Ia menjelaskan, penyimpangan sebesar Rp5 miliar di Bapenda tersebut juga baru secara global dikuak. Apakah penyimpangan tersebut berasal dari pajak daerah, pajak kendaraan, pajak restoran atau pajak lainnya, kata Farouk, ini belum jelas juga.
“Apakah nilai tersebut di dalamnya ada pelanggaran administrasi atau ada pidananya, belum bisa juga dibuktikan pada waktu itu. Maka dari itu, kasus di Bapenda Sumbar tersebut prosesnya kami hentikan saat itu,” katanya.

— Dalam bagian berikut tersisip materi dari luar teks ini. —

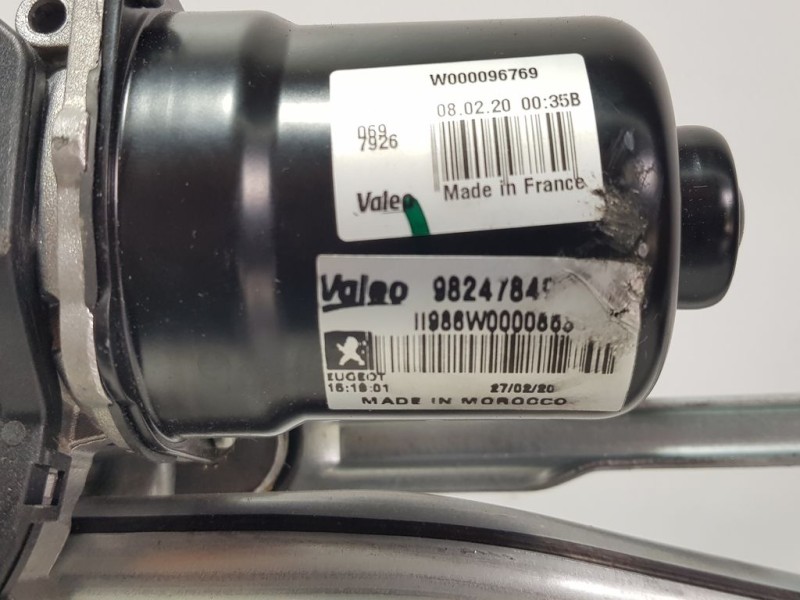 Recambio de motor limpia delantero para opel corsa f edition referencia OEM IAM W000096769 98247849 VALEO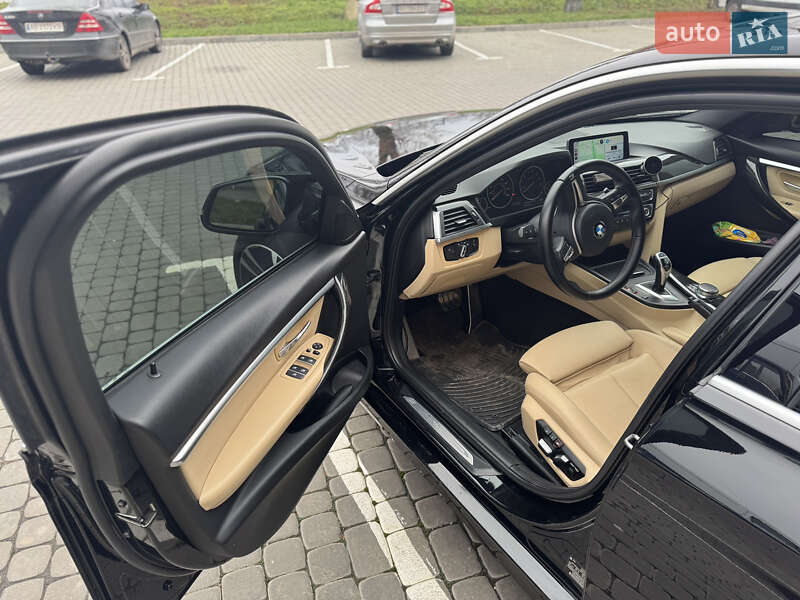 Седан BMW 3 Series 2017 в Виннице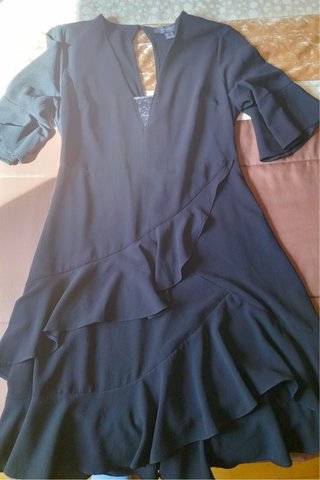 Vestido corto negro con volantes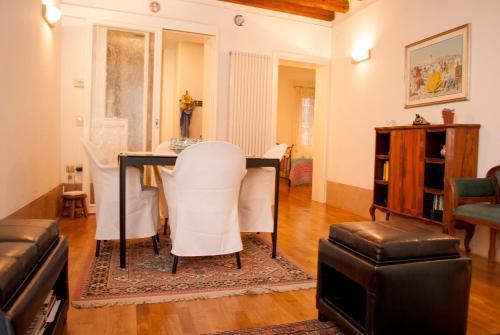 Sunny Venice Apartment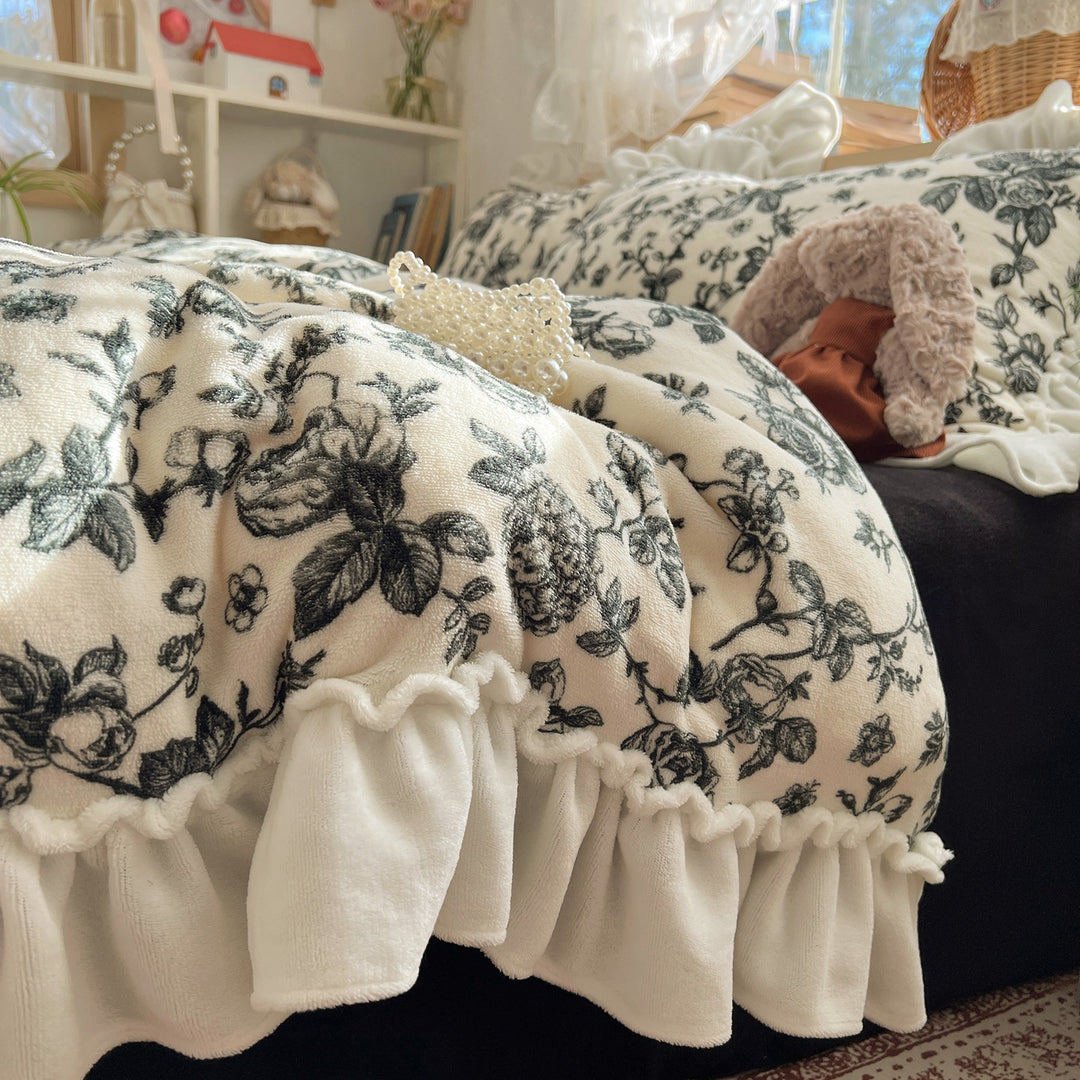 Floral Print Quilted Comforter Set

Farouk menyebutkan, apakah di Bapenda tersebut penyimpangannya Rp5 miliar itu sama atau tidak, silakan dibuktikan dulu. Jika memang ternyata ditemukan, pelanggaran administrasi atau ada pidananya, maka biarkan pihak mereka dulu yang menentukan sikap.
“Apakah mereka mau memberikan kepada kita atau mereka selesaikan sendiri. Jadi saat ini kami pasif menunggu apa langkah-langkah dari inspektorat ke depan,” tutupnya.
Sebelumnya, Kasus pungli dan upeti paksa senilai Rp5 miliar yang diduga dilakukan pejabat Badan Pendapatan Daerah (Bapenda) Provinsi Sumatera Barat, makin berkembang. Sumber dana yang disetor, tidak hanya berasal dari uang insentif upah pungut, tapi juga dari sejumlah pegawai UPTD Samsat yang dijanjikan mau dipromosikan.
Hasil penelusuran Tim Haluan, setidaknya ada tiga pegawai UPTD setingkat kepala seksi di tiga daerah kota dan kabupaten yang sudah menyetor kepada pejabat Bapenda. Nilai setorannya ada yang Rp50 juta, ada pula yang Rp100 juta. Penyerahannya ada yang langsung kepada pejabat teras Bapenda, dan ada pula yang diserahkan melalui utusannya.